Task to complete:
Exclude the images, then return every line below exactly as written.

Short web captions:
# # # #
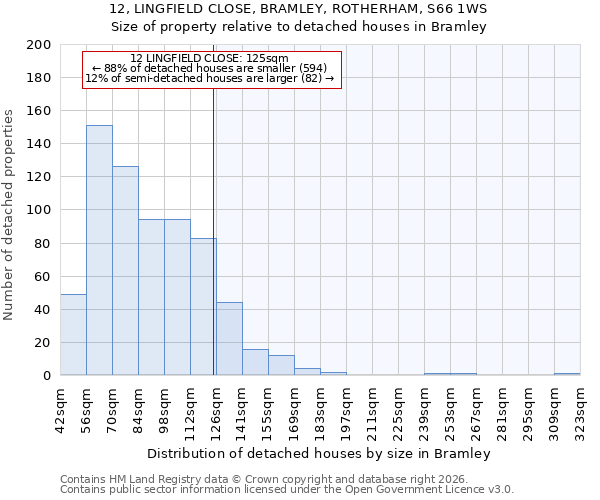 12, LINGFIELD CLOSE, BRAMLEY, ROTHERHAM, S66 1WS: Size of property relative to detached houses in Bramley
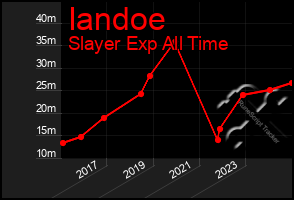 Total Graph of Iandoe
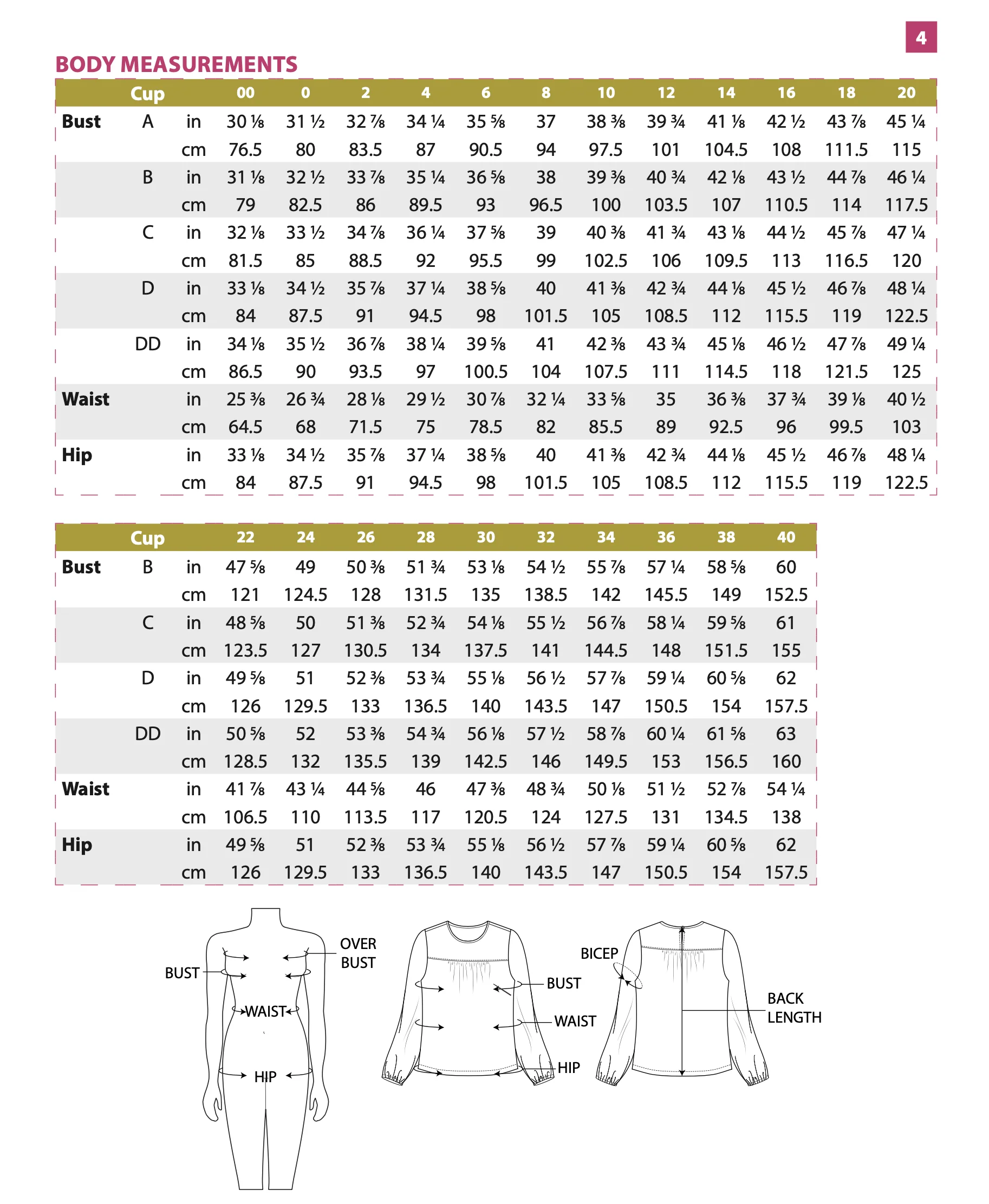 Itch to Stitch Clemente Top - Image 10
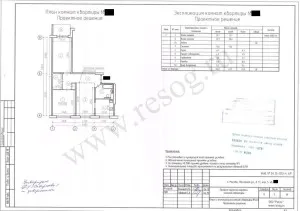 Combinând bucatarie cu living sau baie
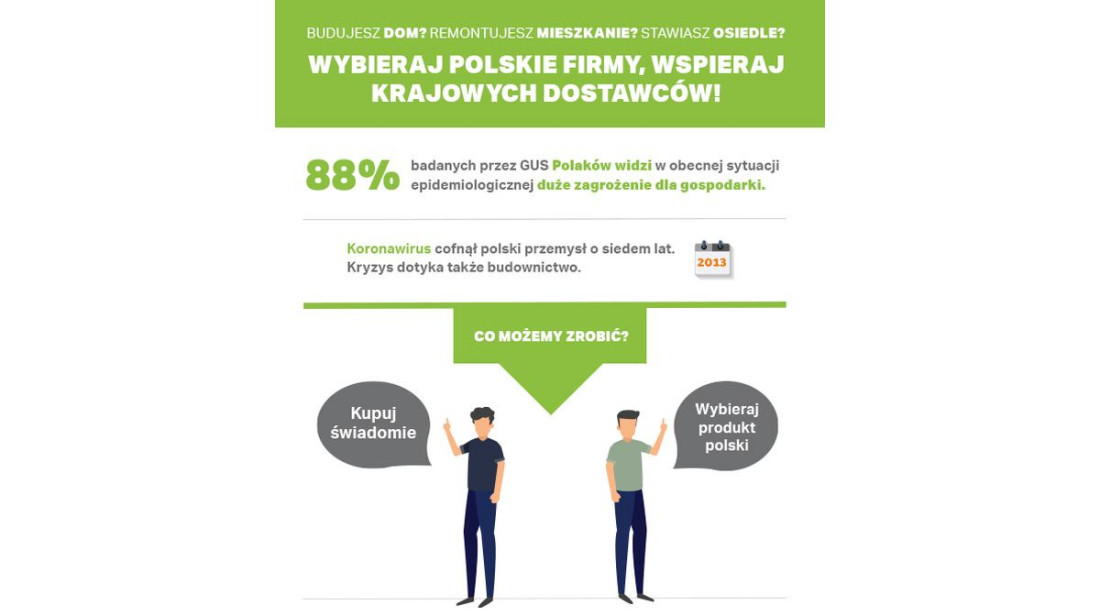 ALUPROF rozpoczyna akcję wspierania polskich firm online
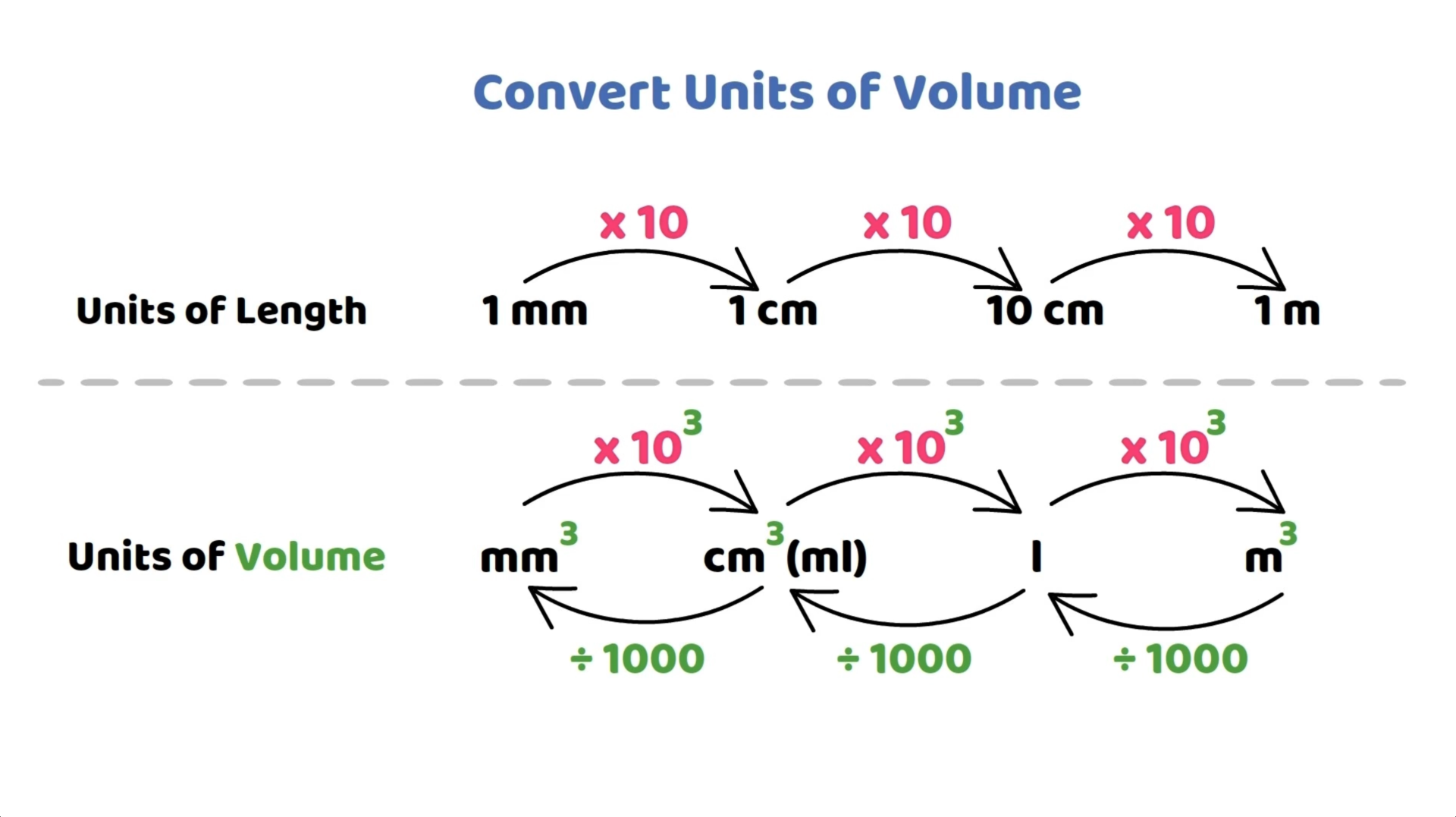 Conversion of units of length and volume. Length: mm to cm to m. Volume: mm³ to cm³ to l to m³ with conversion factors.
# # # #
Result for this task:
 12, LINGFIELD CLOSE, BRAMLEY, ROTHERHAM, S66 1WS: Size of property relative to detached houses in Bramley
 Total Graph of Iandoe
 Itch to Stitch Clemente Top - Image 10
 Combinând bucatarie cu living sau baie
 ALUPROF rozpoczyna akcję wspierania polskich firm online
 Conversion of units of length and volume. Length: mm to cm to m. Volume: mm³ to cm³ to l to m³ with conversion factors.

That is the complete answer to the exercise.